Now, when it comes to these transactions, there are key considerations, that can be outlined as:
- Regulatory and Legal Compliance: it is well known that each country has its own regulations governing cross-border transactions. So it is crucial for both parties to be aware of these set of rules when engaging in an international transaction.
- Legal Framework and Jurisdiction: You should always make sure, when drafting a contract with a party residing in another country to determine the applicable law, or treaty in some cases. It is also very important to determine which jurisdiction should intervene in case a litigation occurs. Let’s not forget about the importance of considering arbitration as a dispute resolution mechanism, as it proves a confidential setting where details of the case are not disclosed to the public, it saves a lot of time due to its speed of resolution and finally it costs way less than litigation as a dispute resolution mechanism.
- Tax Implications: Transactions by U.S. taxpayers in other countries are generally referred to as “outbound transactions”. Now, if you’re involved in a cross-border transaction, you should necessarily: pay attention to tax structures in both countries involved, utilize DTAs (double taxation agreements and finally the applicable treaties. This way, you could avoid liabilities. However, criminal liability could occur in some cases, as an example, a U.S. company fails to properly structure its transactions with a foreign subsidiary, resulting in violation of transfer pricing rules. The IRS imposes significant penalties and back taxes for not complying with arm’s length pricing requirements.

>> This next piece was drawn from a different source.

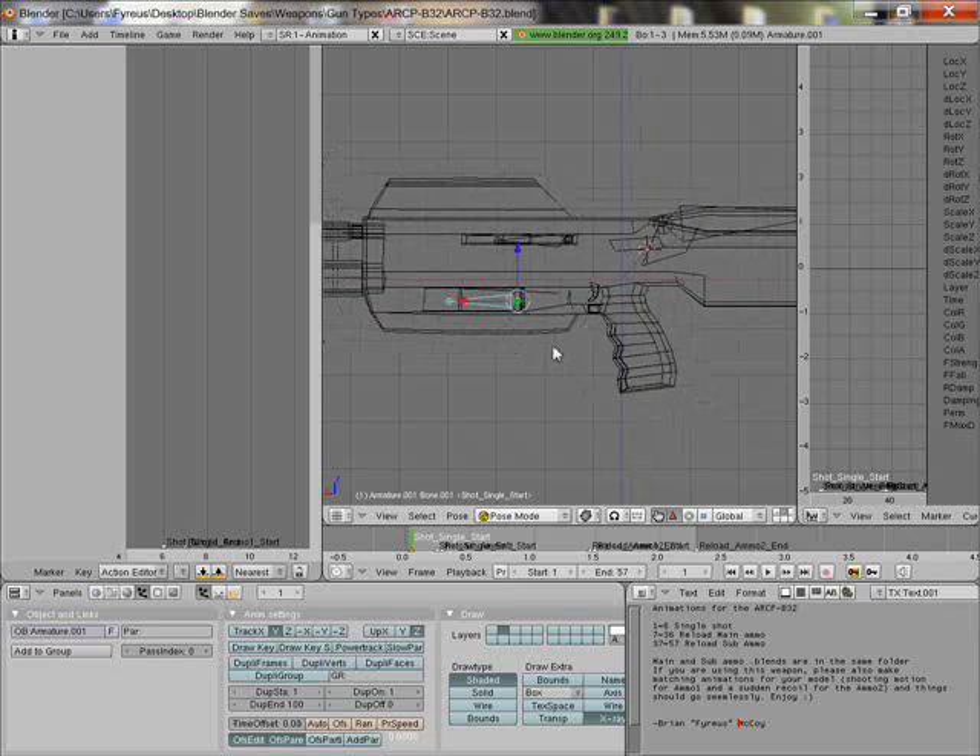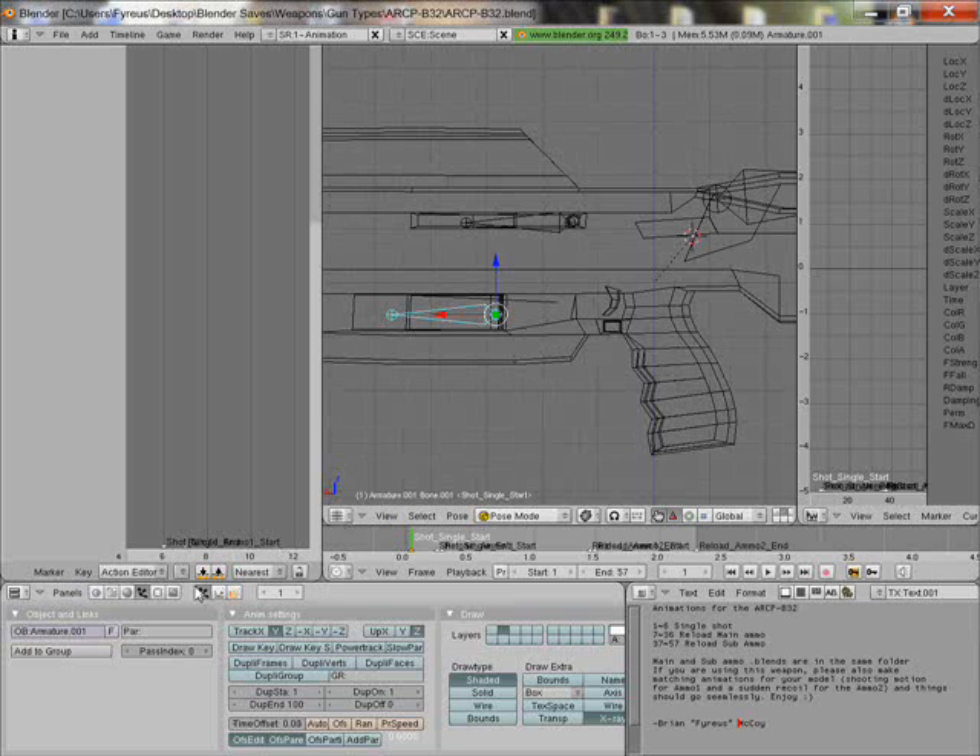So then, just to start off, we're going to make a new action down here. Add new. Let's call it zoom — for no reason, let's call it zoom.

- Currency related risks: In simple terms, currency fluctuations, in other words, exchange rates that can vary. That’s why it’s important to consider the cost implications of multiple currencies.
Due Diligence: In this case, we’re talking about “international due diligence”. In other words, parties should, before delving into an international arrangement, be aware of the legal, financial, and commercial health of the transacting party. In this case, seeking legal help is crucial, in the sense that an attorney could help you investigate and verify the target company’s financial records, contracts, regulatory compliance, litigation history, etc. And that will help identify potential risks and legal issues to avoid. To illustrate the importance of due diligence, here is a case that could have been avoided if legal help was sought, a client purchased goods from an unverified seller who offered suspiciously low prices led to serious legal consequences. The seller was part of a drug trafficking organization using legitimate-seeming transactions to launder illicit funds. The purchaser was charged with conspiracy to commit mail fraud for participating in a scheme that involved selling stolen goods and using the mail system to facilitate fraudulent activities. This highlights how transacting with unknown entities without verification can result in criminal charges, even if the purchaser had no definitive knowledge of the goods’ illegal origin.